Until like one hour ago, I was convinced that in python Foo ().bar () was nothing more than a short hand for Foo.bar (Foo () ) which passes the instance as first parameter. In this example the last two lines do (apparently) the same thing:
class Foo (object):
def bar (self): print "baz"
qux = Foo ()
qux.bar ()
Foo.bar (qux)
But now I have a class Animal that has a static method populate() that returns a list of all animals known to man. Also each instance of Animal has a method populate() that fills the properties of the instance with random values.
#! /usr/bin/env python
# -*- coding: utf-8 -*-
import random
animals = [ ("Bella", "cow"), ("Spike", "dog"), ("José", "iguana"), ("Tux", "penguin") ]
class Animal (object):
@staticmethod
def populate (*args): return map (lambda x: Animal (*x), animals)
def __init__ (self, name = None, species = None):
def bar (): self.name, self.species = random.choice (animals)
self.name = name
self.species = species
self.populate = bar
def __repr__ (self): return "%s of species %s" % (self.name, self.species)
print Animal.populate ()
print Animal ("Pinky", "mouse")
qux = Animal ()
qux.populate ()
print qux
The code works fine, but what made me suspicious was the fact that print Animal.populate (qux) called the static populate method (and hence returned a list and did not populate poor qux). So apparently my conviction that Foo ().bar () was nothing more than a short hand for Foo.bar (Foo () ) is wrong.
This raises various questions for me:
- What happens when I call
Foo ().bar ()? - What happens when I call
Foo.bar (Foo () )? - Is there an internal difference between the both?

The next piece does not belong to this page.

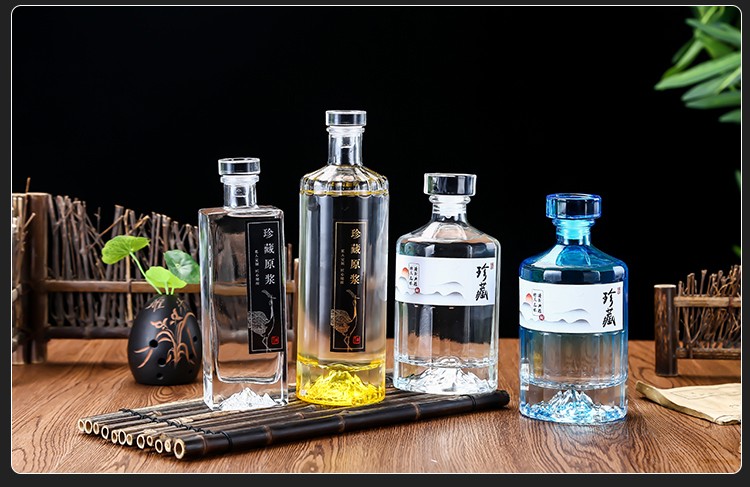 酒瓶空瓶白酒瓶高档透明储酒瓶一斤装好看的玻璃酒瓶子密封存酒瓶桔色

- Am I missing some fundamental concept of python?
- If you had to write a class whose static populate method does something else than the populate method invoked over an instance of this class, which would be the way to go?

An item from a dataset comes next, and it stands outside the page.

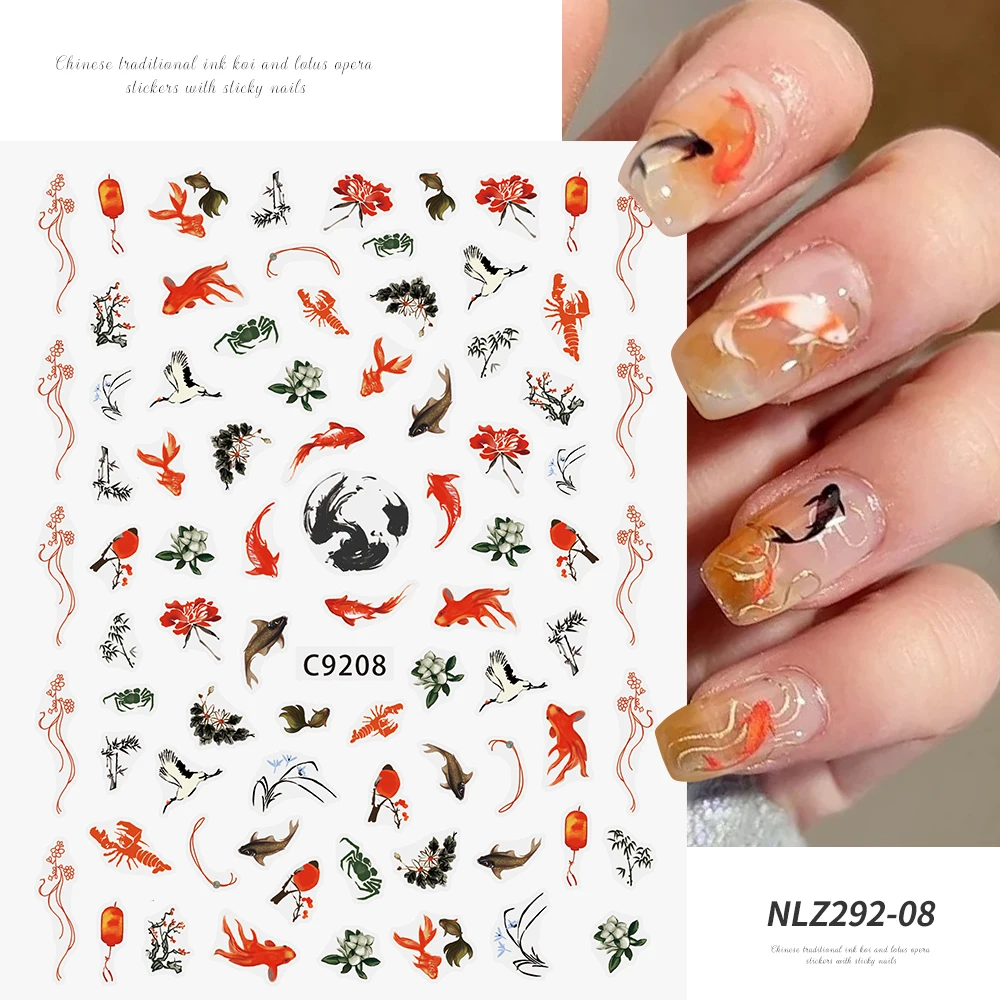 3D Lucky Koi Carp Nail Sticker Gold Fish Lotus Chinese Style New Year Adhesive Nail Design Scape Watercolor Manicure Foils Decal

(Yes it must be the same name.)
On the difference between Foo().bar(), Foo.bar(Foo()) and Foo.bar() (as an answer because I signed up yesterday and can’t post comments yet) – this is because of Python(<3.0)’s concept of ‘bound’ and ‘unbound’ methods – it strictly requires that, except with @staticmethod or @classmethod, method calls have an instance associated with them. There’s not really any easier way to explain it than just something you have to remember.
Thankfully, this has changed in Python 3 – the concept of ‘bound’ and ‘unbound’ methods as separate things has gone, and Foo.bar() works just fine for your example.